Ein weißer Raum, dunkle Kugeln hängen von der Decke. Auf meine Ohren prasselt eine wahre Kakophonie von Tönen: Straßenlärm, statisches Rauschen, Stimmen. Ich mache einen Schritt auf eine der Kugeln zu und während alle anderen Töne nach und nach ausgeblendet werden, erklingt eine Stimme immer klarer und lauter. Als ich mein Ohr an die Kugel lege, wird sie so deutlich, als würde mir jemand etwas einflüstern. Dann trete ich zurück, setzte die Kopfhörer ab und es wird still.

Ich bin zu Gast bei FRAMED im Osten Berlins. Hier arbeitet der ehemalige 3D-Animationsexperte Steffen Armbruster an einem Tracking-System namens USOMO, mit dem ganze Räume erfasst und mit einem Soundbett unterlegt werden können. Wer mit Kopfhörern durch die von der Künstlerin Antye Greie erschaffene Welt läuft, erlebt, wie sich die Geräuschkulisse mit jedem Schritt übergangslos verändert. „Man kann einem Raum eine Akustik geben, die ganz anders ist als erwartet“, sagt der 51-Jährige Startup-Gründer Armbruster. Eine enge Kammer kann so etwa hallen wie eine weit verzweigte Höhle und dann fließend in einen Techno-Club übergehen.

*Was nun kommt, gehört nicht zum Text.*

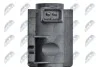 КЛАПАН EGR | AUDI A2 1.2TDI 2001-,A3/A4 1.9TDI 1996-,SEAT TOLEDO 1.9TDI 1999-,SKODA OCTAVIA 1.9TDI 1997-,VW GOLF IV 1.9TDI 1999-,PASSAT B5 1.9TDI 1996-, FORD GALAXY 1.9TDI 97-00 NTY EGRAU017 (фото 4)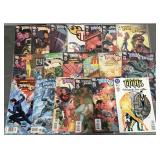 Teen Titan Comics (20)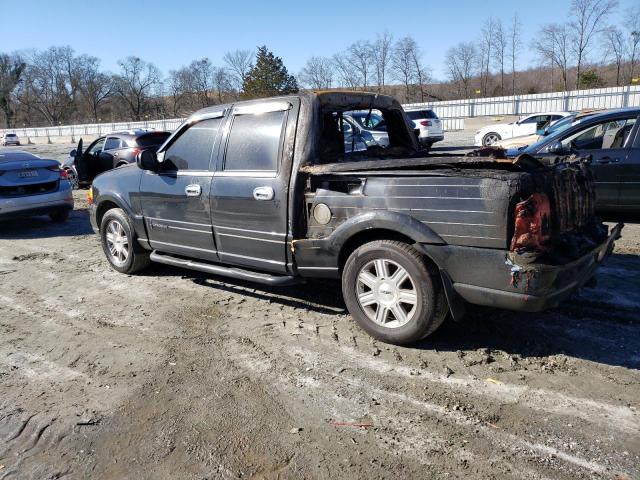 5LTEW05A82KJ01572 Lincoln Blackwood
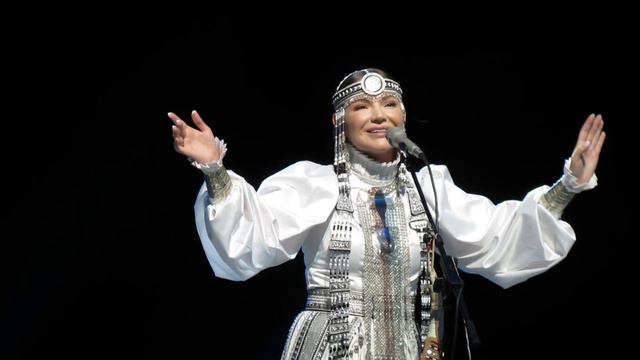 Олена УУТАй. Концертный график 2022
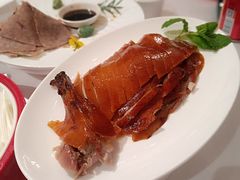 -满堂·烤鸭店·北京菜(鼓楼店)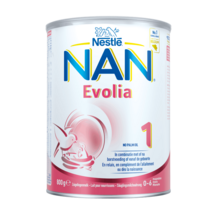 NAN Evolia1 800g new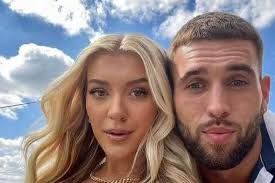 Doncaster Love Island star Molly Marsh "back together" with Zach weeks  after split as pair head to Australia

Die Technologie soll bald schon in Museen eingesetzt werden, wenn es nach Armbruster geht. Statt eines Audioguides, der per Zahlenkombination aktiviert wird, könnte eine Ausstellung etwa mit passender Musik untermalt werden, die sich von Raum zu Raum verändert. Tritt ein Besuch dann vor ein Exponat, schaltet sich eine Stimme zu und erklärt, was zu sehen ist. Andere Besucher bekommen nichts mit, sie hören ihre eigene, individuelle Audio-Show. Tritt jedoch ein Freund näher heran, kann er plötzlich mithören, was gerade gesprochen wird. Der Audioguide wird mit USOMO zur gemeinsamen Erfahrung.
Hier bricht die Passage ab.